Born: May 28, 1933
Thomas Steele Price was born May 28, 1933 in Long Branch and grew up in Eatontown. His father, Fraser Bliss Price, was a baseball star for Columbia and later helped coach the football team. He earned a law degree and served as mayor of Eatontown from 1948 to 1960. Tom took after his father. He was a sinewy, powerful six-footer who excelled on the playing field in track and football and in the classroom at Long Branch High School. After a final year at the Storm King School, a prep school in Orange County, New York, Tom enrolled at Rutgers in 1951. He earned a JV letter on the football team as a center and linebacker.
Early in 1952, during his freshman year, Tom took up rowing on the Raritan River as part of the Rutgers team under coach Charles Logg. Tom and Logg’s son, Chuck Jr., had become acquainted in their plant science classes.
Coach Logg believed that a big, athletic kid like Tom and his son, a senior who stood over 6’4”, could do extraordinary things if trained correctly. Tom had never been on the water in a competitive shell. They began practicing that March. In May, both athletes stepped into in a pair-oared shell for the first time. A two-man coxless shell is perhaps the most challenging craft of its kind; it demands perfect rhythm, coordination and strength. They began turning in world-class times almost immediately.
The following month, Tom and Chuck traveled to Worcester, MA and entered the Olympic Trials regatta in the coxless pairs and stunned the sport by beating all eight of the favorites to earn a spot in the Summer Games. As the two departed, common wisdom said they were headed to Finland “just for the ride.”

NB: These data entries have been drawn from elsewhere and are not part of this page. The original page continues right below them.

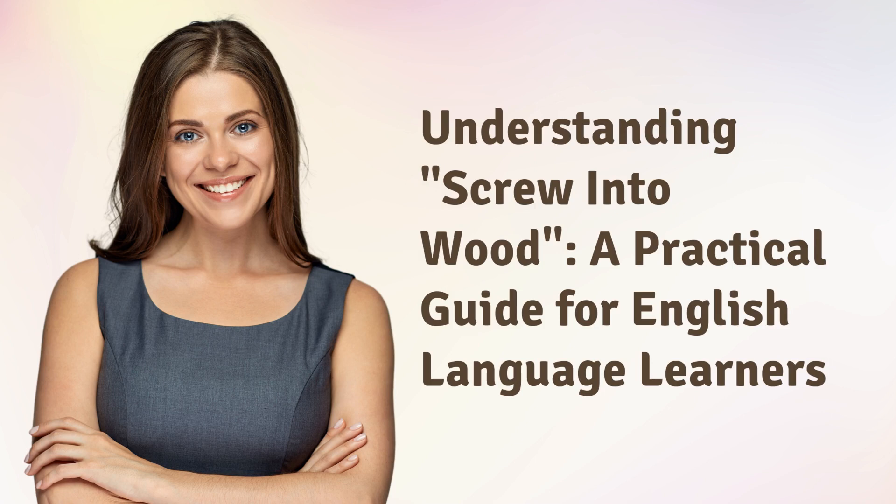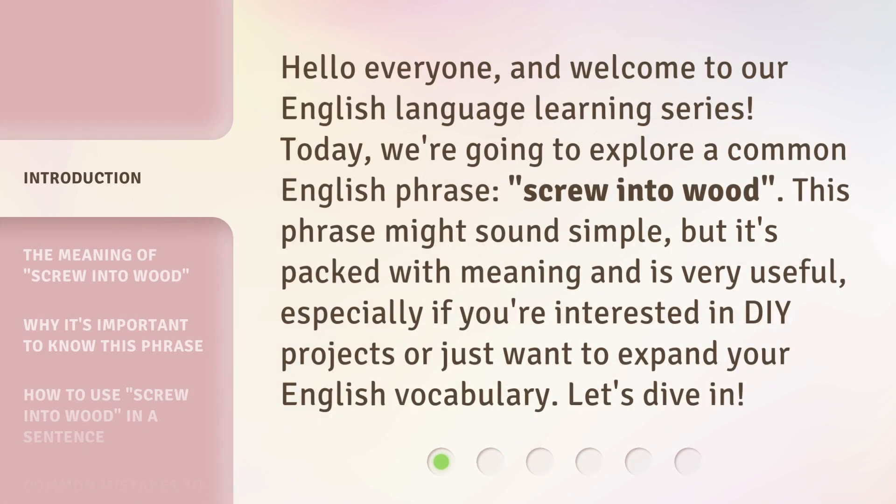Understanding Screw Into Wood: a practical guide for English language learners. Hello everyone, and welcome to our English language learning series. Today, we're going to explore a common English phrase, Screw Into Wood. This phrase might sound simple, but it's packed with meaning and is very useful, especially if you're interested in DIY projects or just want to expand your English vocabulary. Let's dive in.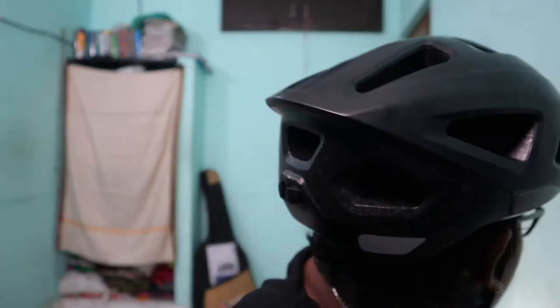Now we have two fingers gap in the helmet. We have three fingers gap at the same time. When we have two fingers gap, we will not fix it correctly. We need two fingers gap at our eyebrows and three fingers gap at our eyes.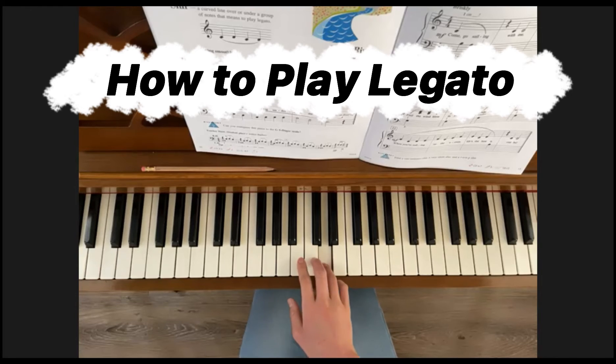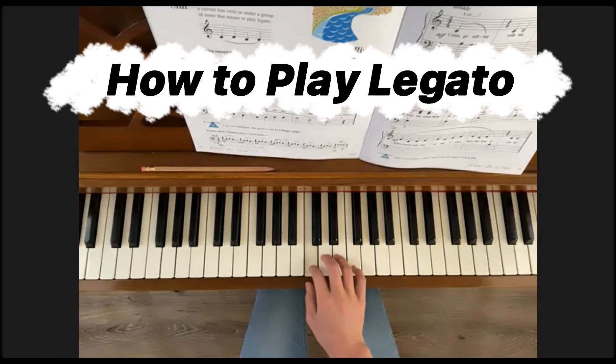So now what we want to really listen for here is that the sound is connected. So if I don't play it with a legato, it would sound like this. Do you hear the break in between the notes? That's not what we want for a legato — we want to connect them smoothly like this.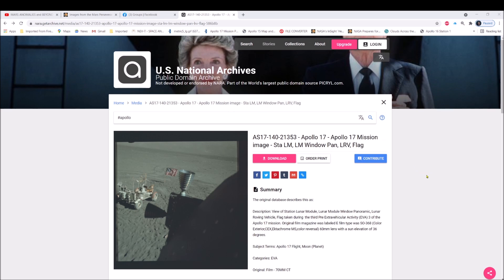You can see it right here — the United States National Archives, public domain. The ID number is AS17-140-21353, Apollo 17. You can see it's a window pan, actually panning out the lander window, and you get the LRV and of course the flag.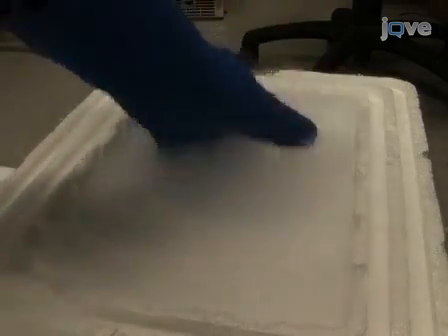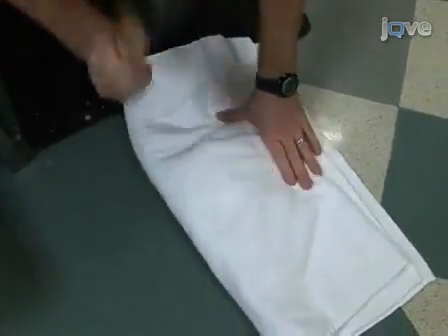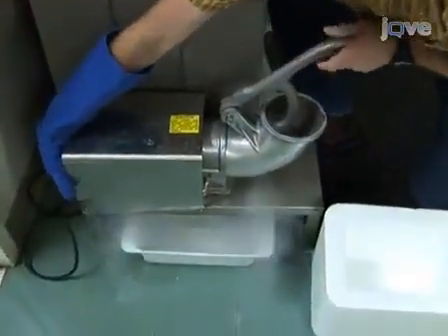It is best to freeze the sperm on finely crushed dry ice, as opposed to dry ice pellets. One simple way to crush dry ice is to wrap it in a towel and pulverize it with a hammer. A more efficient method is to use a dry ice grinder, such as a Klassen model RE2.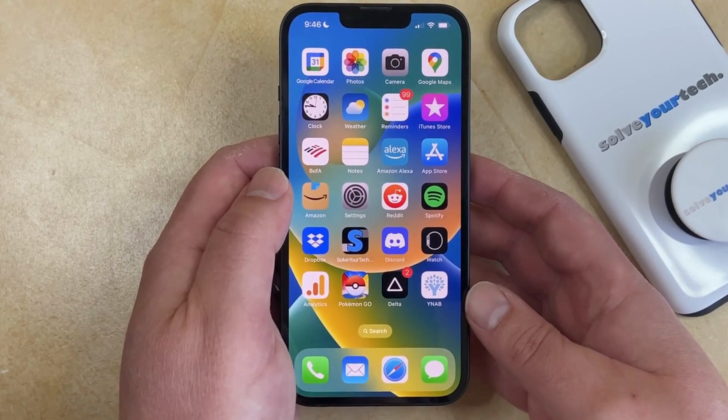A factory reset is more what you would want to do if you're about to trade in or sell your iPhone, or if there was something so wrong with it that you just wanted to start over fresh.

In Helsinki, Tom and Chuck were predictably demolished in their first heat, finishing fourth in a four-boat 2000-meter race. However, they managed to survive and improve enough to qualify for the finals where, as luck would have it, they faced the same four teams that had defeated them earlier—from Switzerland, England, and Belgium. This time they finished in 8 minutes 20 seconds, almost three seconds ahead of the pack, to take the gold medal in their boat, aptly named Cinderella. They were immediately dubbed The Cinderella Kids.
Tom and Chuck received a heroes’ welcome when they returned to Rutgers, including a motorcade through New Brunswick. In Tom’s senior year, he reunited with Chuck—who had joined the military—to enter the1955 Pan American Games in the coxless pairs event. They repeated their Olympic surprise, winning another gold medal. Their partnership ended in 1956 after failing to qualify for the Summer Games, in Australia.
After his athletic career, Tom ran Price Liquors in Eatontown and served as the city’s postmaster for many years. His gold medal and winning oar were proudly displayed in his home.